2. Slice the zucchini in half crosswise, then lengthwise into ¼-inch thick slabs. Transfer to a large Stir Crazy and drizzle with 2 tablespoons of the oil. Season with 1½ teaspoons of the salt and several grinds black pepper and toss with your hands to coat.
3. Divide the zucchini slices between two Holy Sheets and arrange in a single layer. Roast until knife-tender and the undersides are beginning to brown, 10 to 12 minutes.
4. Meanwhile, in the now-empty bowl, combine the cottage cheese, basil, red pepper flakes, 1½ cups of the mozzarella cheese, remaining ½ teaspoon salt, and several grinds black pepper.
5. In a smaller Stir Crazy, stir together the Parmesan, breadcrumbs, remaining 1 tablespoon oil, and a pinch each salt and black pepper.
6. Combine the zucchini onto one sheet pan. On the now-empty sheet pan, spread 2 cups of the marinara sauce all the way to the edges. Arrange all of the zucchini slices over top (they should mostly fit in one layer, but it’s okay if they overlap slightly). Dollop on the cottage cheese mixture, followed by the remaining sauce.

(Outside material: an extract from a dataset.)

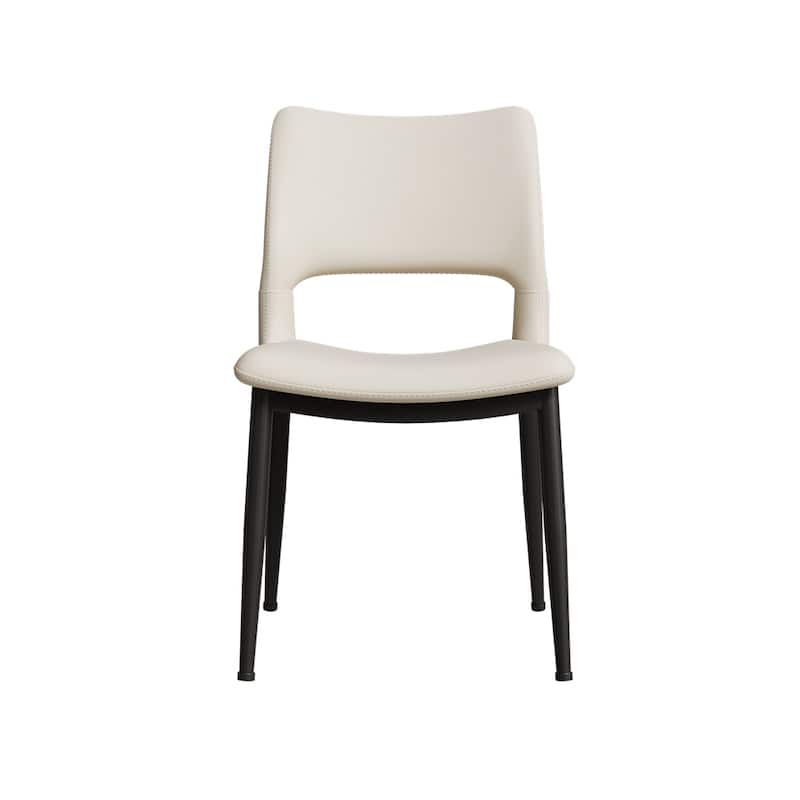Modern PU leather Dining Chairs,Backrest Design,Metal Leg Support,2PCS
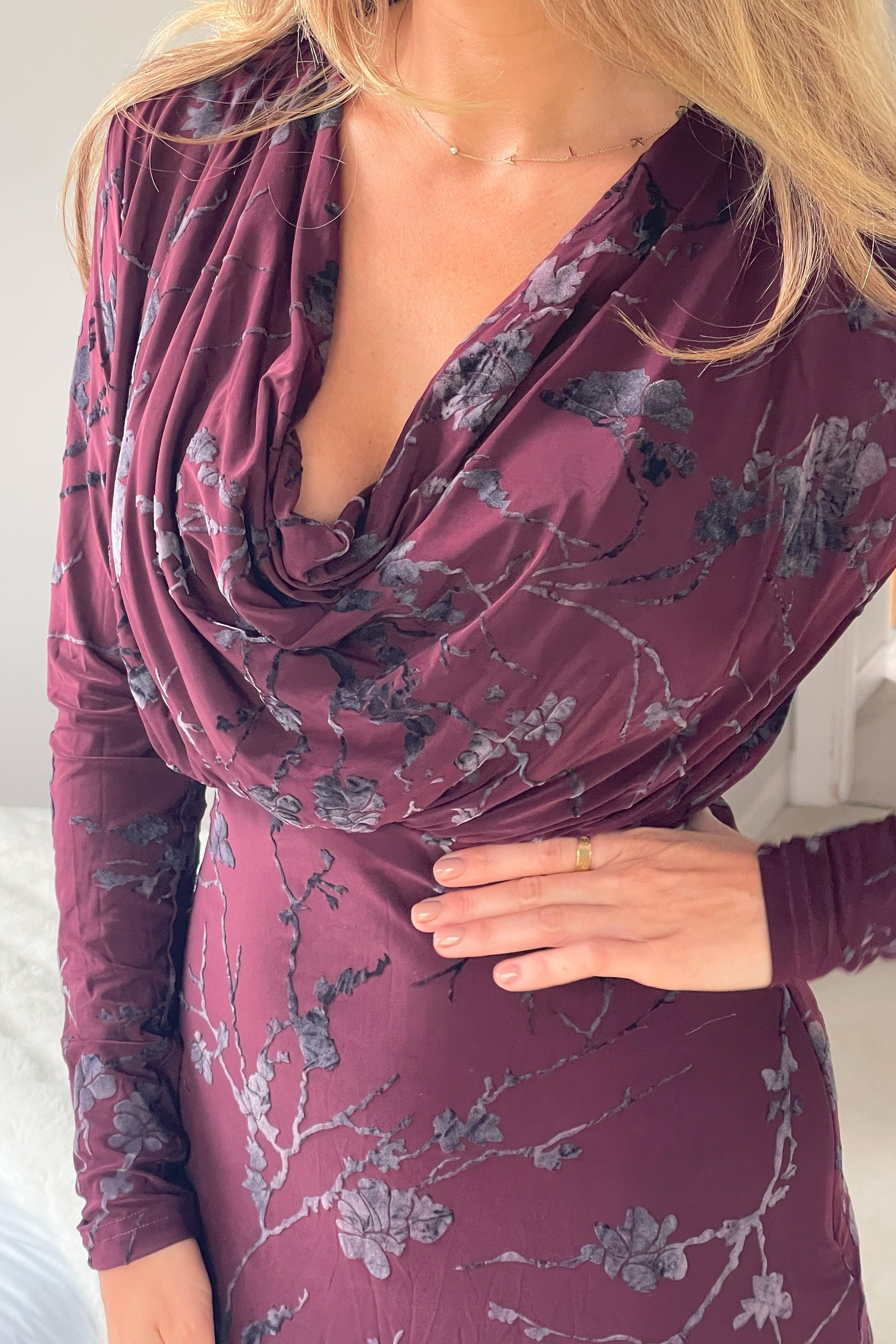 Remington Floral Cowl Neck Midi Dress Wine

7. Sprinkle the remaining ½ cup mozzarella evenly over the sheet pan, followed by the breadcrumb mixture. (Be generous around the edges of the sheet pan). Bake on the center oven rack until the sauce is bubbling and the cheese is browned in spots, 20 to 25 minutes. Let sit at least 5 minutes before topping with more basil and serving.
8. Pair with a leafy green salad, crusty bread, or a side of pasta!